The Forensic office manager, Nellie Williams, wrote in another instant message: "State Farm would prefer that all reports make water the cause of destruction (then they don't have to pay) - they have been returning our wind cause reports and demanding another inspection as they don't agree with our findings."
Williams had previously denied under oath that she had Forensics information on her personal computer, but the Scruggs group found it there after they secured her computer hard drive through a subpoena.
Forensics owner Robert Kochan said in an instant message to his office manager that he had spoken with "Mark," which the lawsuit says refers to State Farm employee Mark Wilcox. According to Kochan's instant message, Wilcox said his boss wanted Forensic engineer Brian Ford, who found wind damage to properties, removed from State Farm catastrophe inspections.
State Farm offered policyholders a different explanation for multiple engineering reports. The company in April began notifying Coast policyholders that they could have their claims re-evaluated. State Farm explained, according to the lawsuit: "At times, inadvertent duplicate assignments were made on a single property and/or follow-up on engineering reports was necessary, resulting in some cases, in multiple engineering reports."
Insurance Commissioner George Dale, who recently lost his re-election bid after eight terms, ordered the re-evaluation. But Attorney General Jim Hood has sued State Farm for failing to live up to an agreement he reached with the company in January. That agreement said any multiple reports would be revealed to policyholders.
State Farm says it has lived up to its promises through the re-evaluation, maintaining the agreement with Hood was part of a proposed global settlement with policyholders that a federal judge rejected.
The insurance company and Hood are currently embroiled in a federal court dispute. State Farm is asking a judge to stop a criminal investigation by Hood, claiming he filed it to harass the company.
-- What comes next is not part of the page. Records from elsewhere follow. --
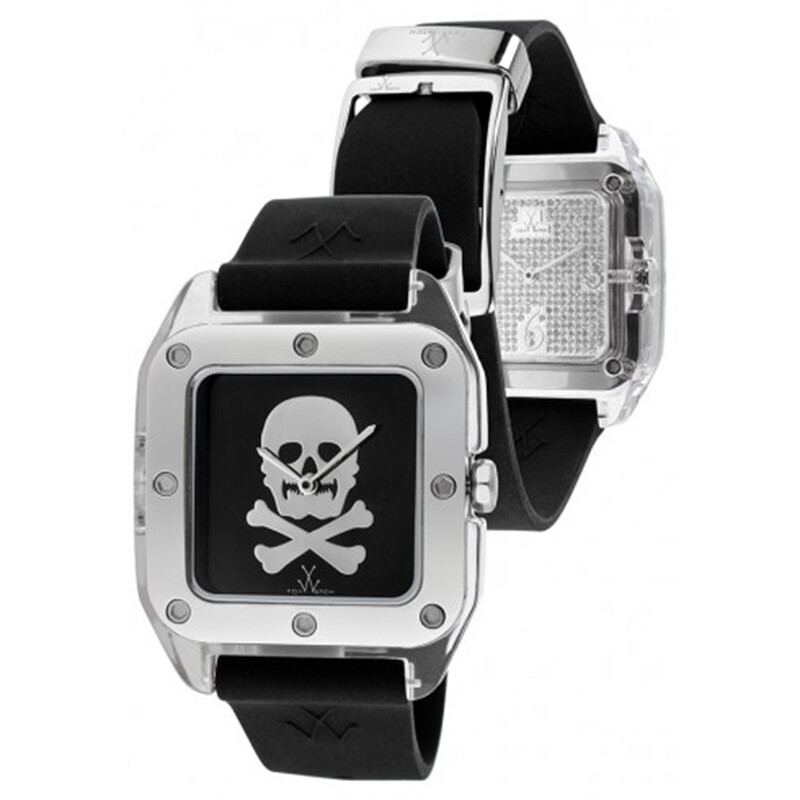 TOYWATCH TWIN TIME TW05BW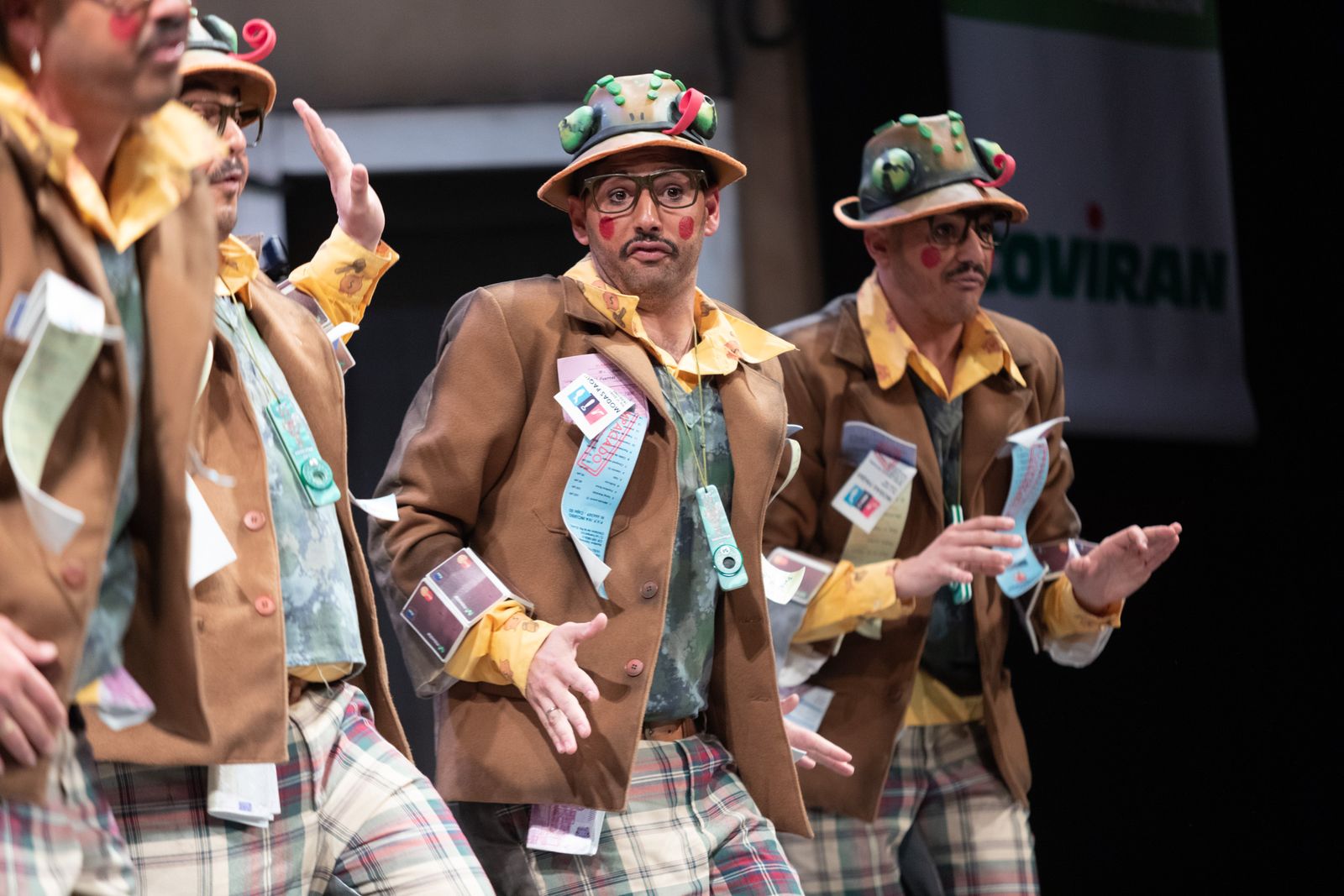 Chirigota 'Los morosos'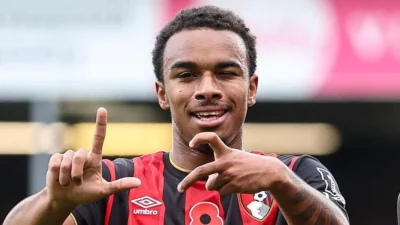 Eli Junior Kroupi, Bintang Muda Bournemouth yang Siap Menggelegar di Kancah Sepakbola Dunia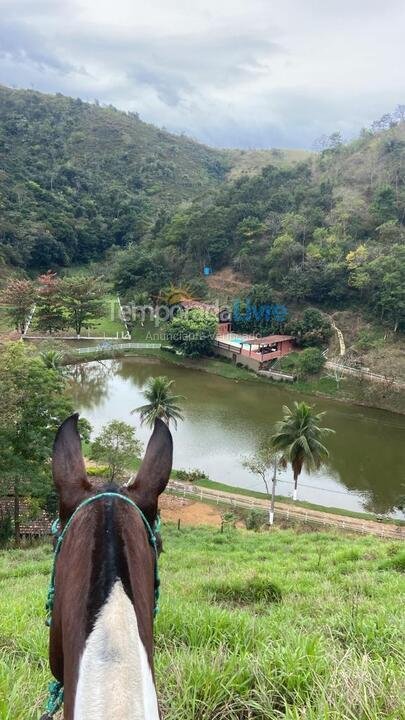 Ranch for vacation rental in Paracambi (Ponte Coberta)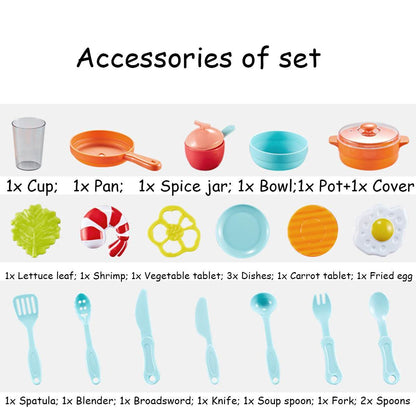Kids Play Kitchen Sink Water Toy Set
State Farm and Scruggs also are battling because Scruggs engaged whistle-blowers, as he did in successful lawsuits against Big Tobacco, to glean information about the company's Katrina claims adjusting. The FBI served a search warrant Tuesday on Scruggs law firm, but an attorney for the firm, Joey Langston, said agents were seeking a single document that would be "ancillary" to Katrina litigation. Langston said he does not believe the document exists and the firm is cooperating with investigators.
Also, the U.S. Attorney's Office in Jackson has indicated it is investigating State Farm's Katrina claims handling practices and will decide by January whether to prosecute a lawsuit the whistle-blowers have filed against the company, also in U.S. District Court in Jackson.